(Records from a data source)
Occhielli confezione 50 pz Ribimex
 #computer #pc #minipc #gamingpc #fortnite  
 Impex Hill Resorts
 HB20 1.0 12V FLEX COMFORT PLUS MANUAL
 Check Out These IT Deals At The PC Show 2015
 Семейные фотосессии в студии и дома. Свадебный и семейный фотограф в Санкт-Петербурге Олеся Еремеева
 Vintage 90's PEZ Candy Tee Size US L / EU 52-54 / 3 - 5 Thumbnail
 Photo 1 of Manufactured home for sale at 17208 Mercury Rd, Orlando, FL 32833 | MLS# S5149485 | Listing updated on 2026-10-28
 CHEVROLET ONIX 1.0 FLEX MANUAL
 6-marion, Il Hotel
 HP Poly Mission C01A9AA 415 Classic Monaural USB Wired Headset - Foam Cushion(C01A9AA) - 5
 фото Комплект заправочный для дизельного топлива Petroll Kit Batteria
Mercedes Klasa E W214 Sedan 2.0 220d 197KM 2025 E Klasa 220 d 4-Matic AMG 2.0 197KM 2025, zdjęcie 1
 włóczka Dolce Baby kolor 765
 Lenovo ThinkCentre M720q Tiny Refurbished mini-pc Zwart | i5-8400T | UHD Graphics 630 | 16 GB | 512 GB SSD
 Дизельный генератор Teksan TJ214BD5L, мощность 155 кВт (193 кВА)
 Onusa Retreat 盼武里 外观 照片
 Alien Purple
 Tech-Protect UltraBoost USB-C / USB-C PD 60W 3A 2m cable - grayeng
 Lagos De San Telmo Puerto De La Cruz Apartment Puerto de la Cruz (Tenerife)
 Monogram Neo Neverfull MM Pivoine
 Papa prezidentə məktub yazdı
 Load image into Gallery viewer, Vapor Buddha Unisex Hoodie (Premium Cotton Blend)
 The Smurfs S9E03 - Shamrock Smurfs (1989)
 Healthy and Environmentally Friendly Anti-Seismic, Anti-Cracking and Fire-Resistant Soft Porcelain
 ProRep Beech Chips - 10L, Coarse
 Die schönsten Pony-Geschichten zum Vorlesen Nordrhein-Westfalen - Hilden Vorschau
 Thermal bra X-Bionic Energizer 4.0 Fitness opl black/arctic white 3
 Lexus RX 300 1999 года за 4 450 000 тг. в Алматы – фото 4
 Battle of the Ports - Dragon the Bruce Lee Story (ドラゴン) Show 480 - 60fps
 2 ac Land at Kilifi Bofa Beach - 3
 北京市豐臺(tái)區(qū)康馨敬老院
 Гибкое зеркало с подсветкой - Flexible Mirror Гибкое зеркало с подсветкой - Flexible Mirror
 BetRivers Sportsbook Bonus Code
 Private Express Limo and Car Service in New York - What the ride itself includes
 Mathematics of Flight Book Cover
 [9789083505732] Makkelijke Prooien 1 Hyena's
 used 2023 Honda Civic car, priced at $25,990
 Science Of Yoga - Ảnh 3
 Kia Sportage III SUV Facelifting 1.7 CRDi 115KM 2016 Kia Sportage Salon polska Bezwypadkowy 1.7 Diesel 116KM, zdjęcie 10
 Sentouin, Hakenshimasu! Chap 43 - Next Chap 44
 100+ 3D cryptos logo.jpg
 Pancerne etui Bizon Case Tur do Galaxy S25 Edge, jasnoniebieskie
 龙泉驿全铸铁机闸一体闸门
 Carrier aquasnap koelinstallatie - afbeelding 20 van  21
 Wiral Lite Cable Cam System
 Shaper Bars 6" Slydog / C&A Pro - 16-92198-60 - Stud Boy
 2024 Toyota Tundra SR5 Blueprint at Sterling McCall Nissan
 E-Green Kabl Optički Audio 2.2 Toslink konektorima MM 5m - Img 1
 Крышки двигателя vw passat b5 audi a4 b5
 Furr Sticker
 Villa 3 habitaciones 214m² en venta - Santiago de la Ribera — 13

**Work item**
The answer must be every line of the entries that includes the word "MANUAL".

**Written answer**
 HB20 1.0 12V FLEX COMFORT PLUS MANUAL
 CHEVROLET ONIX 1.0 FLEX MANUAL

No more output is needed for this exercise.